- _Task material_
##########
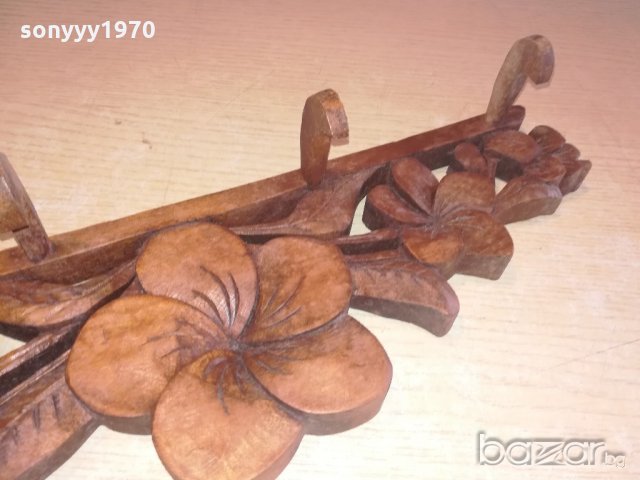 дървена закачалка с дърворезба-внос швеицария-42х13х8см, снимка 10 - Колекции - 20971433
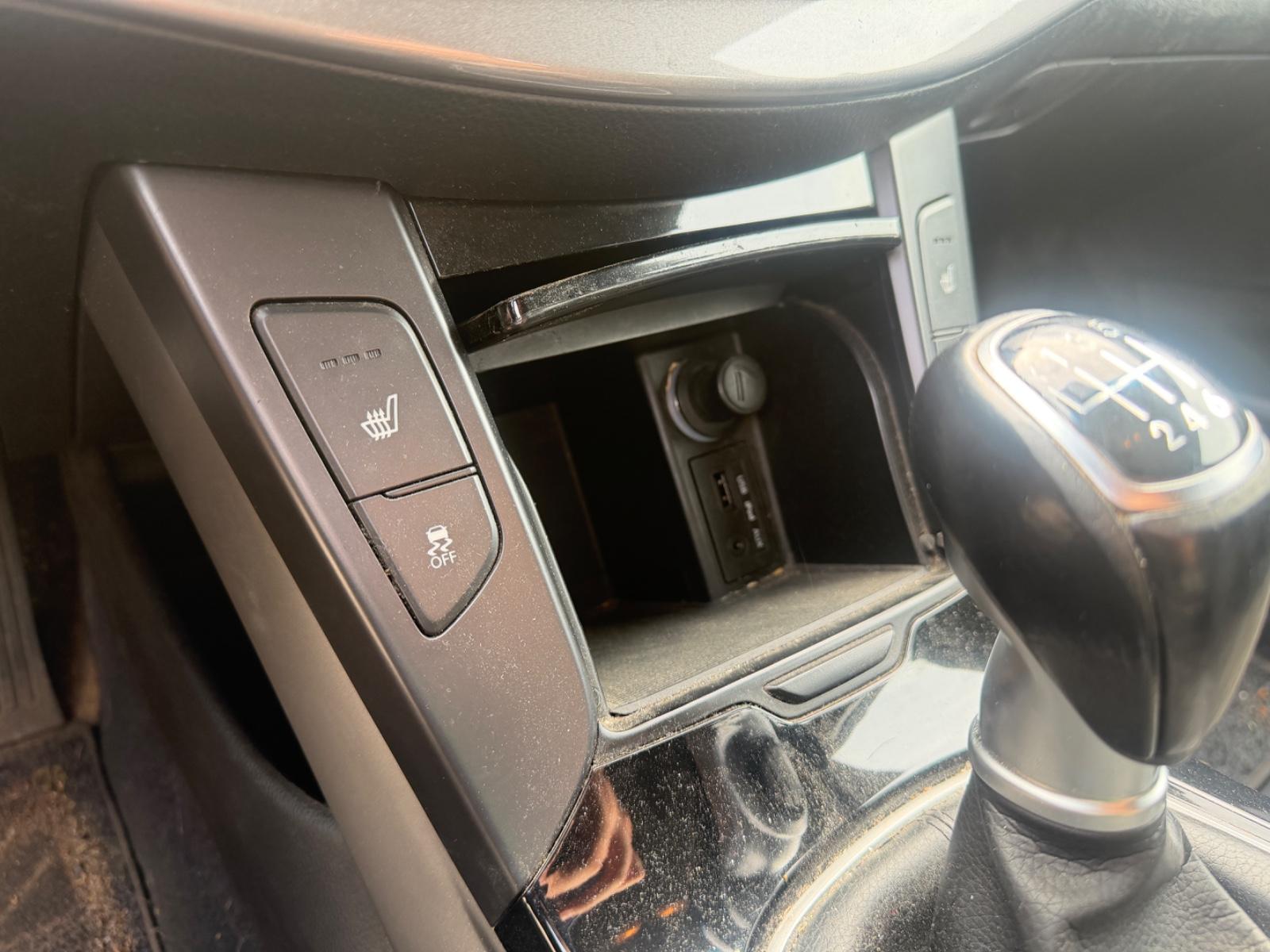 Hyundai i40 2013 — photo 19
##########
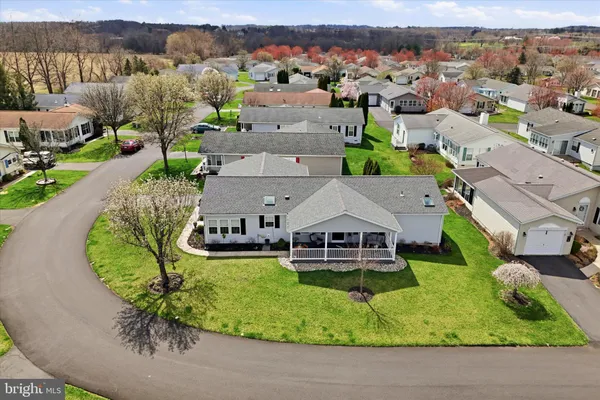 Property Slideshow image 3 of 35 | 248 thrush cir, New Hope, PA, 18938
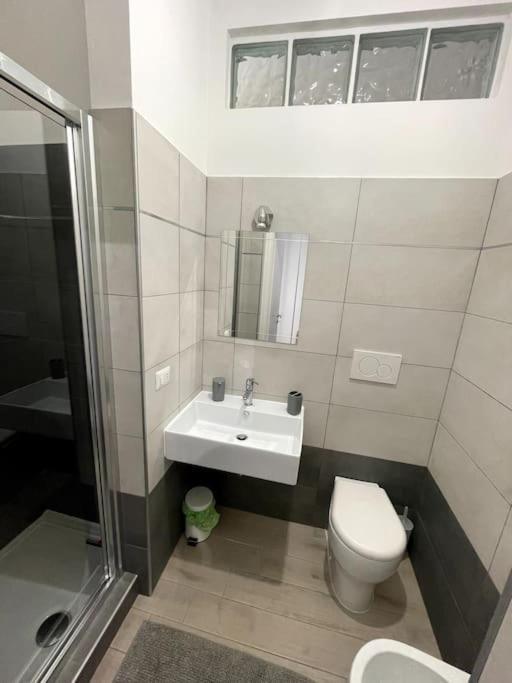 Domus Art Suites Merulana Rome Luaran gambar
##########
- _Problem details_
Although pictures appear among the entries, please set down only the lines from the one with "дървена закачалка с" up to and including the one with "Hyundai i40 2013 — photo 19", word for word.

- _Your solution_
 дървена закачалка с дърворезба-внос швеицария-42х13х8см, снимка 10 - Колекции - 20971433
 Hyundai i40 2013 — photo 19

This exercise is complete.